Momma’s Kitchen where they normally hung out while they worked through the mystery of Alana’s family and what the Destroyers wanted from her. They had breakfast at their usual small table in the back that morning.  Alana was still at the same table, but had come and gone several times throughout the day in her trips back and forth from the Archives.

“Hey, what are you doing here?” Alana asked, making room for him at the table, pushing aside her various papers and her half-eaten plate of food.

 “Dad kept shooing me away, telling me he could finish up just fine without my help,” David replied with a shrug and sat down next to her. “Plus, I think he is more worried about what is going on with the Destroyers’ attacks than he is letting on.”

“Oh, really? Why? He sounded so relaxed when we were at your parents’ house the other night.” Alana started rubbing her triskele pendant, a habit she found herself doing more and more.

“He’s just acting weird, not like himself. Tense. Asks about you constantly.”

Alana looked at David with concern etched across her face. “So what does that mean? Does he think we’re going to lose?”

“No, not exactly…”

“That’s not encouraging,” Alana said flatly, roughly grabbing the top piece of paper from the messy stack and pulling away from David.

“Just being honest. He’s got a different mindset about how to handle this, how to handle the Destroyers than we do. However, he hasn’t seen the things we have.”

“No, he certainly hasn’t,” she muttered, shivering as she remembered.

David rubbed her arm and changed the subject. “Did you find out anything new today?”

“Yes, you’re going to want to read this.” Alana replied, handing him the piece of paper.

His eyes jumped across the page as he read aloud:

“A-waiting, gath'ring o'er, an evil lurks
For years will pass and storms will brew, to all
to lead to confrontation's final test.
To death, Destroyers fight before the Fall”

David let the page drop to the table, his face stunned. “Is this what I think it is?”

Alana nodded. “I think so. It’s the prophecy that we’ve been looking for all this time, but it doesn’t seem complete! Only one stanza and the bottom of the page is ripped. There has to be more.”

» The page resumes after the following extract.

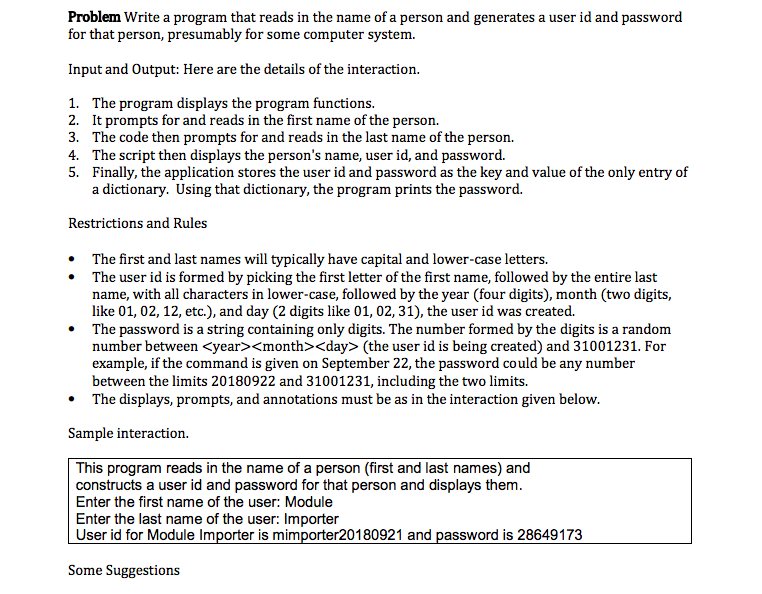 Solved Problem Write a program that reads in the name of a | Chegg.com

“Where in the Archives was this?”

“It was stuffed in the appendix of one of the family ledgers. I have no idea what book it was a part of originally.”

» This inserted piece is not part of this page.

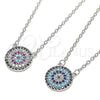 Sterling Silver Pendant Necklace, with Rhodolite Micro Pave, Polished, Rhodium Finish, 04.336.0070.16 (02 MM Thickness, 16 Inches Length)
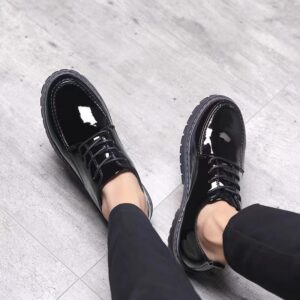 Bright leather casual leather shoes, men's business formal wear, British men's shoes, youth trend, versatile, thick soled, height increasing small leather shoes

“Then we’ll just have to keep looking. This is too important.”


495 words


Thank you for reading!

Monday, September 2, 2013

The Monday Mixer - September 2nd

On this relaxing Labor Day, I took a stab at today's selection of words for Jeff Hollar's Monday Mixer. As soon as I saw the words, I knew what I wanted to do. The bolded words are the ones I picked.

Things:          1) slew              2) exemplar         3) decolletage
Verbs:           1) typify           2) debilitate           3) ensorcell
Adjectives:   1) prodigal        2) fractious           3) vainglorious


Abreast of the Situation

Durella stood in front of the mirror in her sitting room and adjusted her decolletage. The neckline of her gown was nearly scandalous with the amount of bosom showing but she wanted it that way. The fractious men she had to deal with would be well ensorcelled by the expanse of milky flesh and would be easier to coerce to her bidding.

Why, they'd practically be salivating, hoping, wishing for a glimpse of more. All it would take would be a sudden movement and she'd spill out of her gown, not that she'd allow that to happen. This wasn't the first time, nor would it be the last, where she'd have to use her assets to make things happen. Never in those times had she ever slipped, much to the various lords chagrin.

She was a master manipulator and well, men were such simple creatures, even noble ones.